Alan I get your point, but I spent lot of time, effort, money... to consolidate all my results and produced several videos about this topic mainly for my clients, in another words for what you want to know in single comment I needed several videos to say it. So in super short - 2019 MP 24-core and 16-core, 2x Vega Pro II or 6800XT, AB, 192GB RAM vs M2 Ultra 192/76 vs M2 Max 32/30 vs MS M1 Ultra vs MS M1 Max vs M1 Max MBP 14 and 16, M1 Air 13, M2 Air 15... in 8K/60/HDR Multicam video production, Fusion comps, 3D... And because I'm not allowed to post links because someone would be eager to blame me for self promoting I can't say more.

maccan · Aug 8, 2023

ZombiePhysicist said:

I think the performance comparison between Intel macs vs AS may also be related to the optimization of the underlaying frameworks.

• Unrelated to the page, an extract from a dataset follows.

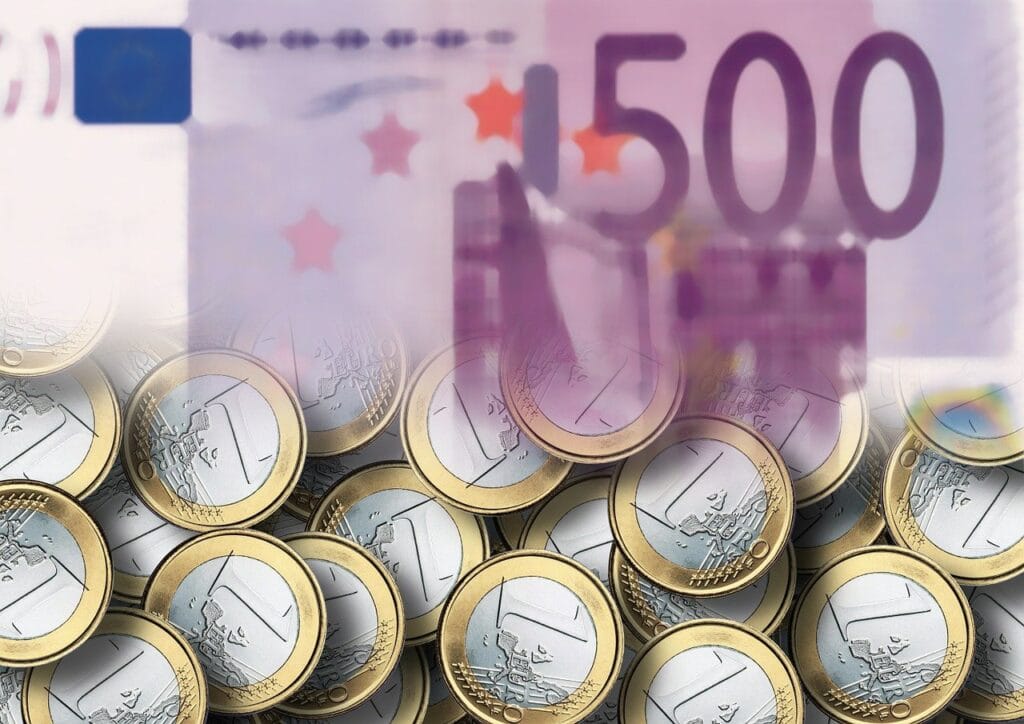 Aide découvert bancaire CAF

Some time ago I started to develop code using the Metal Performance Shader (MPS) framework. As a simple test, I wrote a program using the MPSMatrixMultiplication Shader to multiply two large marices of size [8192 x 8192]. This matrix multiplication requires (2 * 8192 - 1) x 8192 x 8192 = 1'099'444'518'912 i.e. a tera of floatinpoint operations. The amount of data transferred to the GPU is 2 x 8192 * 8192 * 4 bytes = 536'870'912 bytes = 0.537 GB. If this code runs in 1 second, the performance of the machine would be 1.1 TFlops. On my MacPro 2019 with AMD Vega II, I got 3.5 TFlops prior to macOS Big Sur 11.3 and XCode 12.5. After the update to Big Sur 11.3 and XCode 12.5, the performance dropped to 0.119 TFlops! On the current macOS the performance is again up to 1.452 TFlops, still a factor of 2 less prior to macOS 11.3. Note that this performance decrease was the result of just recompiling the exact same code after upgrading macOS and XCode. Nothing changed in the code.

I investigated this to the point, that the performance penalty was clearly coming from the data transfer to the GPU.
the calculation on the GPU itself, i.e. the MPSMatrixMultiplication instruction was not affected. I assume that the underlaying Metal Framework, mainly the way how data is transferred to the GPU changed dramatically. Perhaps this was due to optimizations done for Apple Silicon affecting the data transfer model on Intel machines.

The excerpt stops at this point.